$29.99
COSC122,
INTRODUCTION TO COMPUTER SCIENCE
Assignment 2—Improved testing
7% of overall grade
1 Overview
1.1 Introduction
This assignment follows on from assignment one. The basic task will still be to generate a list of test results (or lack thereof ) for a list of quarantined people. You will get to apply two different methods that
improve on the best method in assignment one. In the first task you will finish the implementation
of a hash table class and use it to provide very fast lookup of names in the tested data set. Then you
will implement a dual index method that is based on the merge part of merge sort (and the common
elements function you wrote in Lab 6.2).
1.2 Due date
The official due date is 11:55pm on Friday 25 September 2020.

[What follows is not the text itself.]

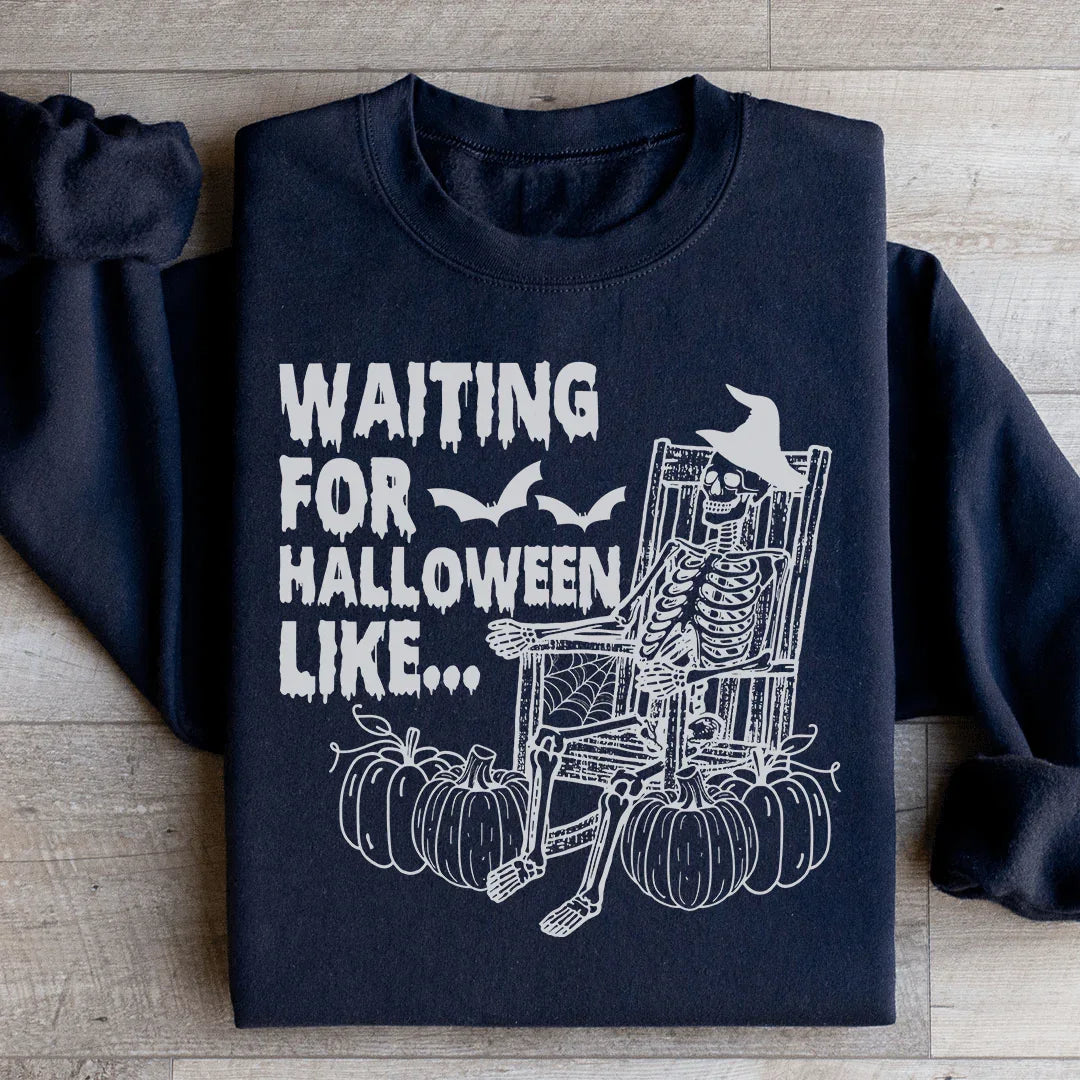 Sudadera Esperando Halloween Como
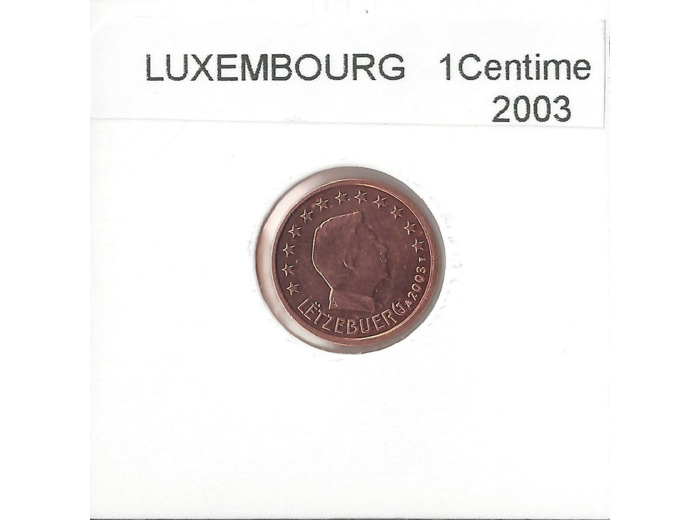 Luxembourg 2003 1 CENTIME SUP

Students can submit to the normal submission quiz up two days after this (ie, Sun 27 Sep) with no
penalty (ie, normal submissions close on Sun 27 Sep). After this point submissions can be made until
the drop dead date, which is Fri 2 October, via the late submission quiz. But late submissions incur
a 15% absolute penalty, ie, if you submit to the late quiz then your_mark = raw_mark - 15. Please
ask if you are unsure.
1.3 Submission
Submit via the quiz server. The submission page will be open about a week after the quiz is released—
to emphasise the point that the quiz won’t offer much help, your own testing and the provided unit
tests are what you should be using to test your code. The submission quiz will not test your code
properly until after submissions close, that is, it won’t give you any more information than the provided tests so you can start work straight away! This assignment is a step up from COSC121 so please
make sure you start early so that you have time to understand the requirements and to debug your
code.
1
1.4 Implementation
All the files you need for this assignment can be found on the quiz server. Do not import any additional
standard libraries unless explicitly given permission within the task outline. For each section there is
a file with a function for you to fill in. You need to complete these functions, but you can also write
other helper functions if you wish. All submitted code needs to pass pylint style checks—make sure
you leave time for style adjustments when submitting.
1.5 Getting help
The work in this assignment is to be carried out individually, and what you submit needs to be your own
work. You must not discuss code-level details with anyone other than the course tutors and lecturers.
You are, however, permitted to discuss high-level details of the program with other students. If you get
stuck on a programming issue, you are encouraged to ask your tutor or the lecturer for help. You may
not copy material from books, the internet, or other students. We will be checking carefully for copied
work. If you have a general assignment question or need clarification on how something should work,
please use the class forums on Learn, as this enables everyone to see responses to common issues,
but never post your own program code to Learn (or make it available publicly on the internet via sites
like GitHub)1
. Remember that the main point of this assignment is for you to exercise what you have
learned from lectures and labs, so make sure you do the relevant labs first, so don’t cheat yourself of
the learning by having someone else write material for you.
2 Looking up results
For each task of the assignment you will be required to write a function that takes a list of test results
and a list of quarantined people, and returns a list containing the quarantined peoples’ test results, or
lack thereof. The functions will need to count the number of times Name objects are compared and
return this count along with the list of results—as a measure of the work done.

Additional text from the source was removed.